EULÁLIA — Enquanto a senhora andava o dia inteiro no meio da rua acompanhando a menina por toda a parte, eu ficava aqui a pé firme, como um cão de fila guardando-lhe a casa e a bolsa. A bolsa, sim senhora, porque se não fosse a Eulália dos Prazeres da Conceição de Maria, filha da Engrácia da Porcalhota e do Manuel Tibúrcio, que Deus haja, a senhora era depenada por toda essa súcia de criados que entravam numa semana com as mãos abanando e saíam na outra levando tudo quanto pilhavam.

MANUEL — Tens razão, Eulália.

EULÁLIA — Que tenho razão, sei eu! Meu amo, não sabe da missa nem a metade.

MANUEL — Vai buscar a escova.

EULÁLIA — Olhe, quer ver como eu puxava pela fisiolostria da inteligência como diz o Antônio da venda, para não ser embaçada pelos tais criaditos?

MARIA — É a história do açúcar? Já a conheço de cor e salteada.

MANUEL — Vai buscar a escova.

EULÁLIA — E não era bem lembrada? Eles roubavam o açúcar, o que fazia eu?... Apanhava uma mosca, (Fazendo menção de quem apanha uma mosca.) abria o açucareiro, zás... (Menção de atirar.) e tampava-o com todo o cuidado. De vez em quando ia verificar se a mosca ainda lá estava... Não é bem lembrado, meu amo? Aprendi isto na casa de um visconde no Porto.

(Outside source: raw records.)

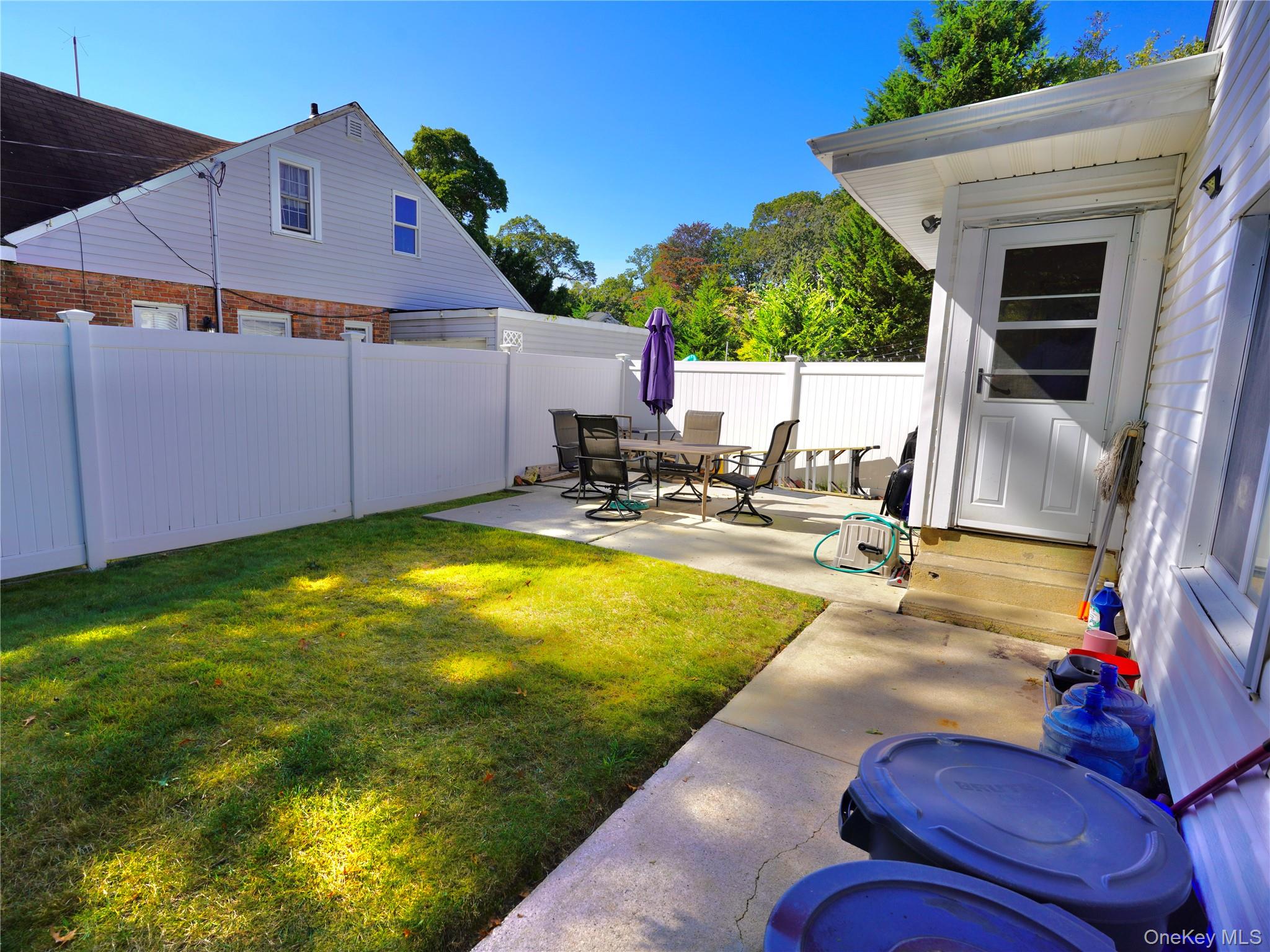 495 Emerson Avenue, Baldwin, NY 11510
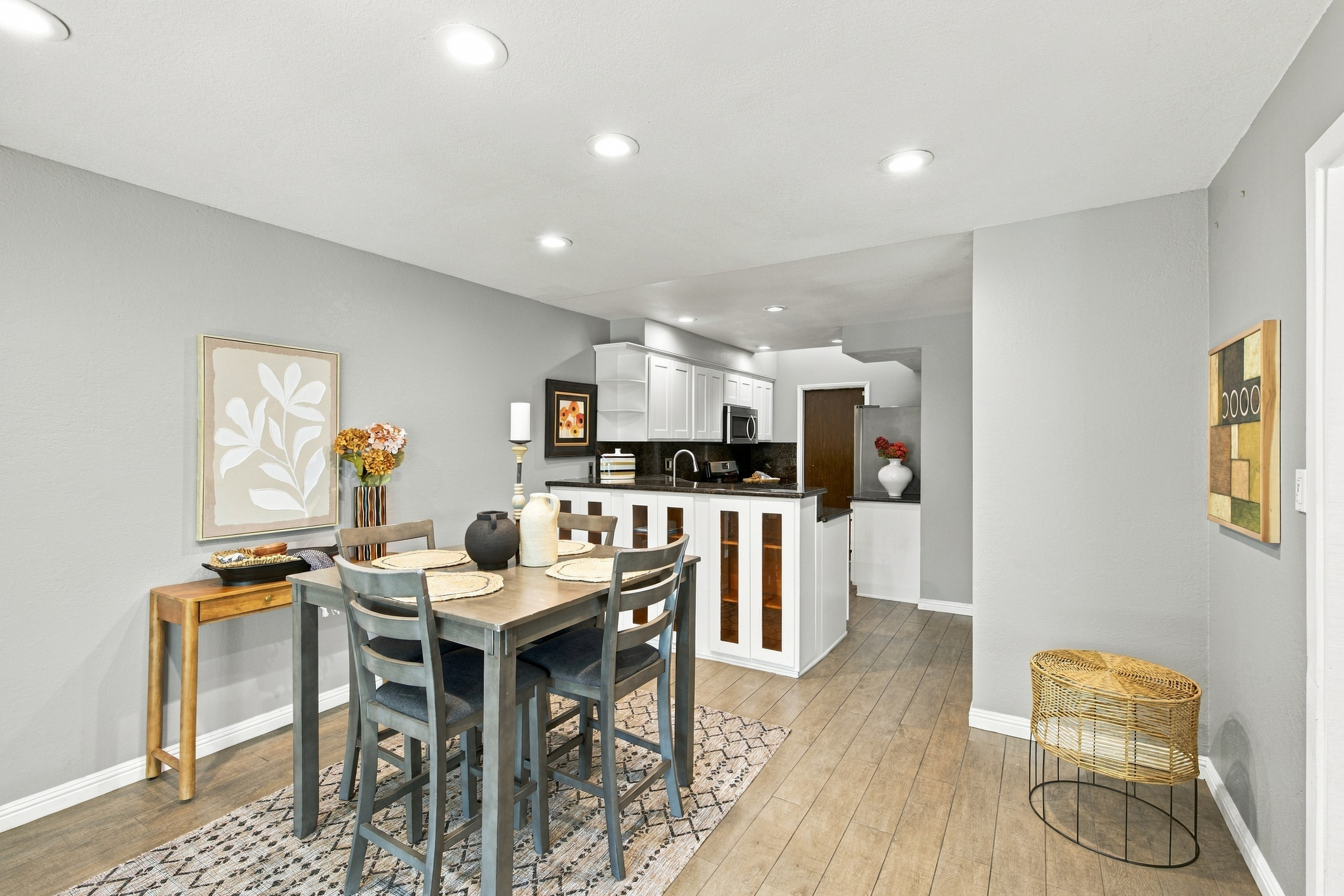  6750 Bertran Court, Citrus Heights, CA 95621 - 物件實景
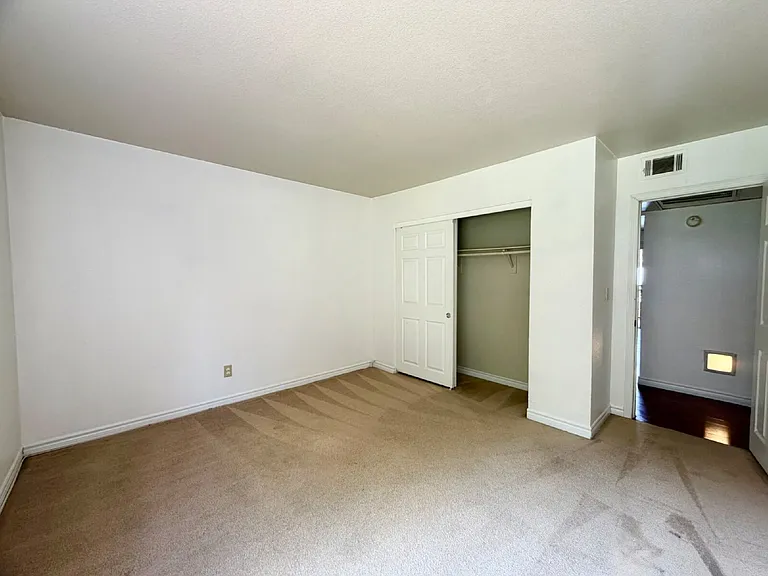 5493 Indian River Dr #375 — Photo 14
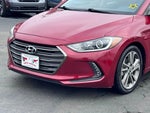 2017 Elantra Thumbnail 36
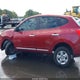 JN8AS5MT0FW673106 2015 Nissan Rogue Select S auction photo thumbnail 14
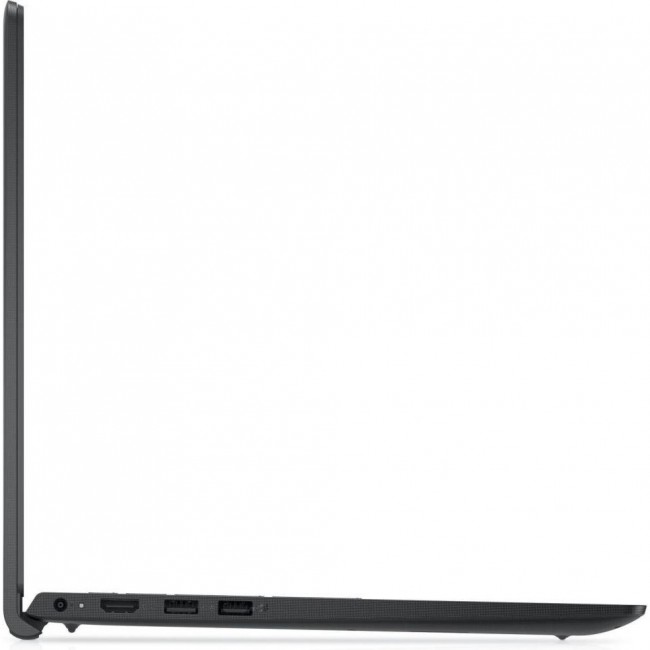 Dell Vostro 3520 Black (N0995PVNB3520UA_W11P)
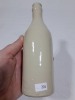 Ginger Beer - C/S, A/W, Sawtell's Brisbane - 4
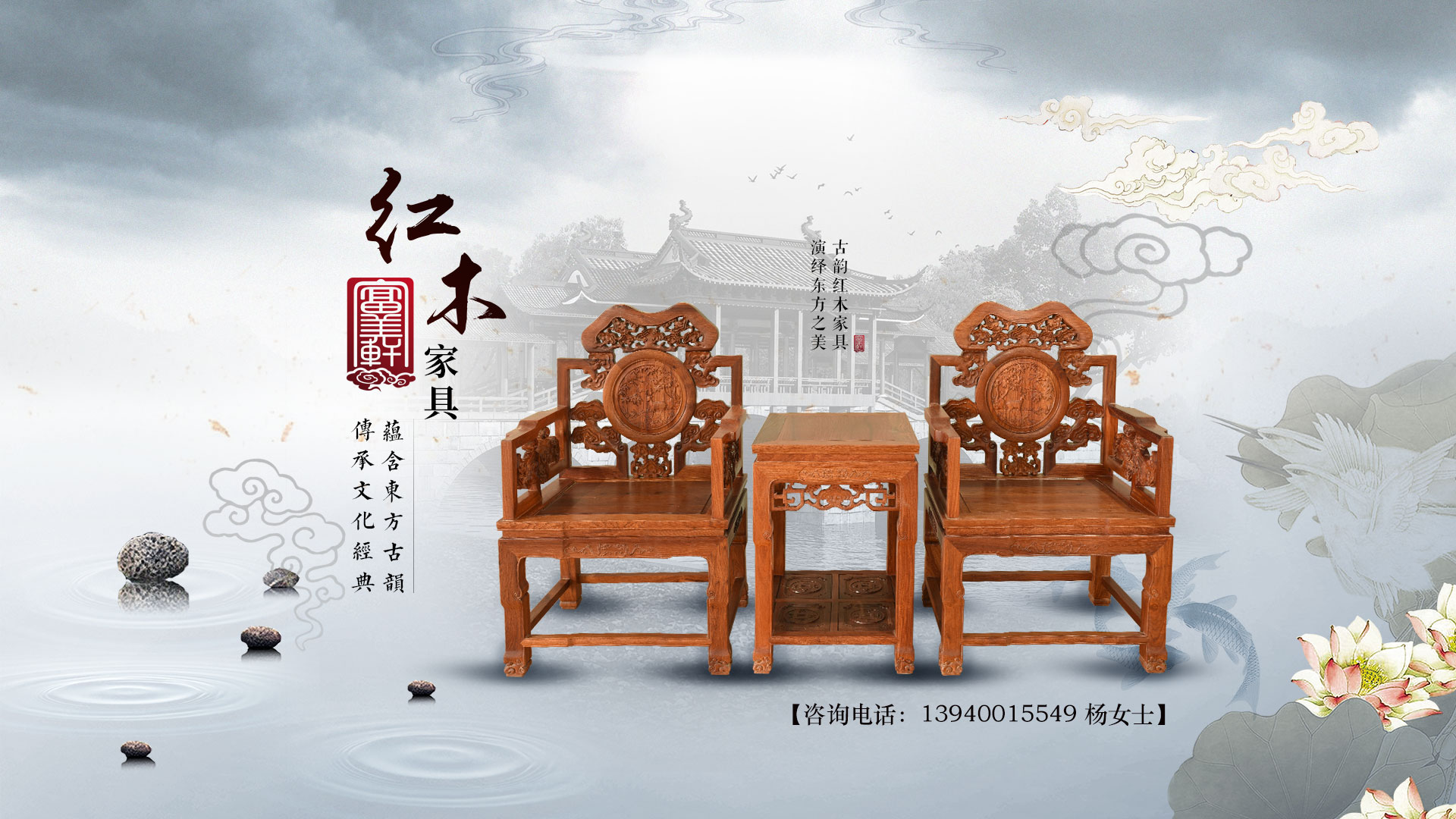 banner3_青島美孚德食品有限公司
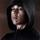 Click to visit secret lewis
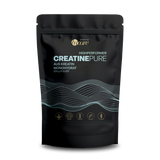 CREATINEPURE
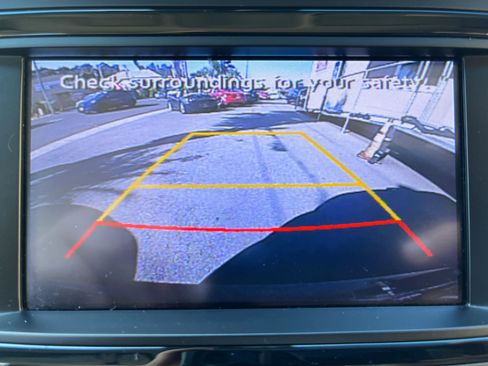 Used 2016 Hyundai Tucson Sport image 22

MANUEL — Está bem, vai buscar a escova.

EULÁLIA — Na manteiga também não me passavam a perna. Fazia-lhe em cima com a faca uma porção de rabiscos. (Batem à porta.)

MANUEL — Estão batendo. Vai ver quem é. (Eulália sai. Para Maria.) Eu vou lá dentro escovar-me. Esta maldita rapariga quando começa a falar... (Sai.)